Today, I decided to read an essay first, and not continue to any other ingredient in the cocktail until I'd read and discussed an essay. That way, I am not tempted to just fore go the essay part of this. So, I read an essay on Teen Ink called Better Barbie by Jesse K. out of Grand Ledge, Michigan. As I was reading it, I thought, why do we feel the need to make references to things when talking (or writing) about ourselves? To form similes and metaphors and analogies about the greatness or lack thereof of our lives? As a poet, I'm sure this is blasphemous, but it was just a thought that crossed my mind.

I thought it was a great essay. I loved the imagery the writer incorporated into her piece; the sepia-toned memories, the muted through words emotions. It was more than I was expecting from a piece that had Barbie in the title.
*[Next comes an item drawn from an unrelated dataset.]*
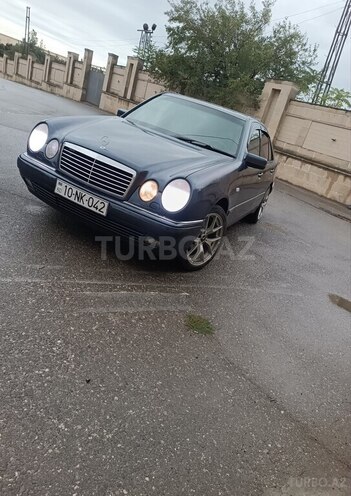 Mercedes E 240 1998, 398,000 km - 2.4 l - Bakı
In fact, the author did a fantastic job of showing that she is both travelled and educated, which should have been my sign. I got to the last paragraph and almost lost my mind and my breakfast. Of course this was turning into a feministic "women must have wild dreams of travel and education to be real women and not want to be moms" kind of thing. 
I'm sorry. I've just read too much of this lately. The author threw in the names of Emerson, Thoreau, Carroll, Angelou, and a well-placed reference to Rip Van Winkle, as if those of us who chose the path of wife and mother could not possible have the brains enough to know those names, much less have them on our bookshelves. Indeed, what bookshelves? This person cannot possibly fathom that I have so many books on almost every subject in my house that my husband is building me a new bookshelf in the bathroom so that they won't keep falling off the back of the toilet, and so I can move some of the stacks from the kitchen, dining room, and living room onto the shelf. She cannot appreciate the endless hours put between my full-time job, which I both adore and despise, as I long to be home with my children, then being home with my three sons, two of whom are under 2 and still in diapers, and the slightly sad relief when they go to bed and I have a little while to read whatever book I happen to have my nose in at the time.
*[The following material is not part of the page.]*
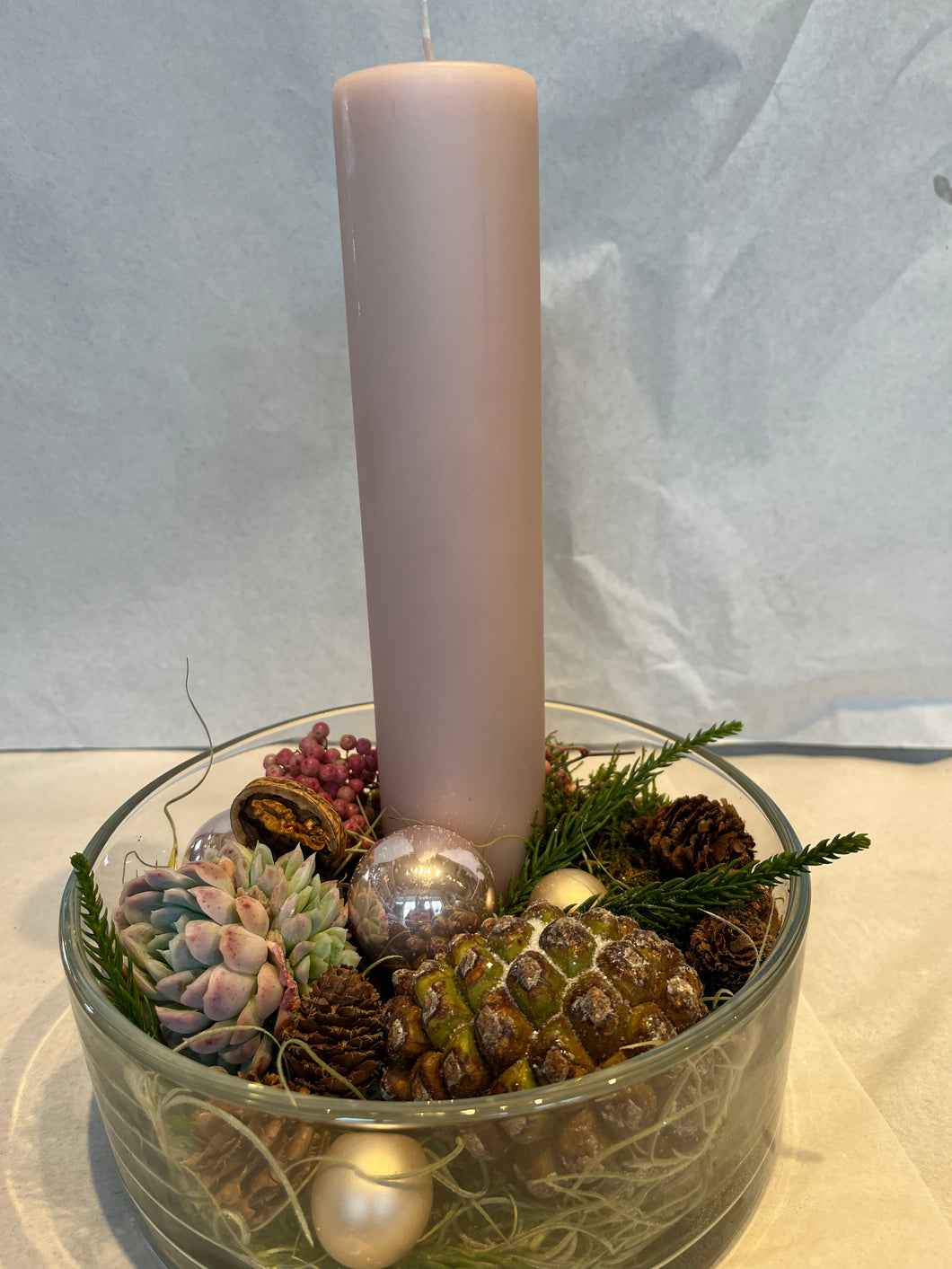 Juledekoration i glasfad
No, choosing to be a wife and mother is not indicative of a lack of brains or dreams. I dream of being a writer, which is why I started this blog. I dream of moving to a more Norther-ly place where my children can see snow, before they are too old to appreciate the magical, mysterious quality of a quiet snowfall, the glittering, sparkling morning after. I dream of sitting on a porch, old and gray, with my husband, rocking in our chairs and drinking hard lemonade and laughing at memories. I dream of taking my kids to places that I've never been to, to instill some culture in them. I dream of passing on to them my love of literature and history. I also dream of my sons finding nice, caring, loving wives, but according to our current American society, this is a horrible thing to wish upon a woman.
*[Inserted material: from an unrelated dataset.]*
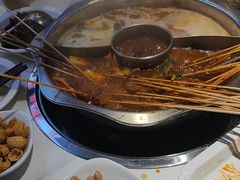 -佰人王串串香火锅(洋珠巷店)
The short story I read was The Brass Teapot by Tim Macy. Oh my goodness. At first, I thought it was sweet how these two elderly people still cared about each other after years of being together and raising children.  The husband accidentally slams the wife's fingers in the trunk and he tries to kiss them. I just thought that was so sweet. But then greed sets in and it just soured my stomach how these two treated each other at the prospect of money. The ending seemed abrupt and unfinished, but this is definitely not a story I will soon forget. It's not too long, so, read it if you get a chance.

There is even a whole website on The Brass Teapot with more stories and links. How fun!



I read Wicked Weed by Dark Butterfly. I have to say, the rhyming threw me off a bit, but I did like the overall piece. I can't, however, say I entirely understand what the author was trying to convey. I would have liked to have read the piece before the owner of the site got hold of the poem and ripped it to shreds, which he is oh-so-famous for. Someone commented and mentioned "all that a man can offer," which I did not get at all.



If you were coming in the fall by Emily Dickinson is the classic poem I read today. If you were to ask me why, I could not fathom an answer for why Dickinson was one of my least favorite poets. This poem seemed genuine enough in itself, the subject appearing to pine for a lover... Yet, at the same time it felt like a farce, something conjured up to fill empty space on blank pages. For those of you who adore Dickinson, please forgive my honest opinion here, and refrain from throwing the tomatoes.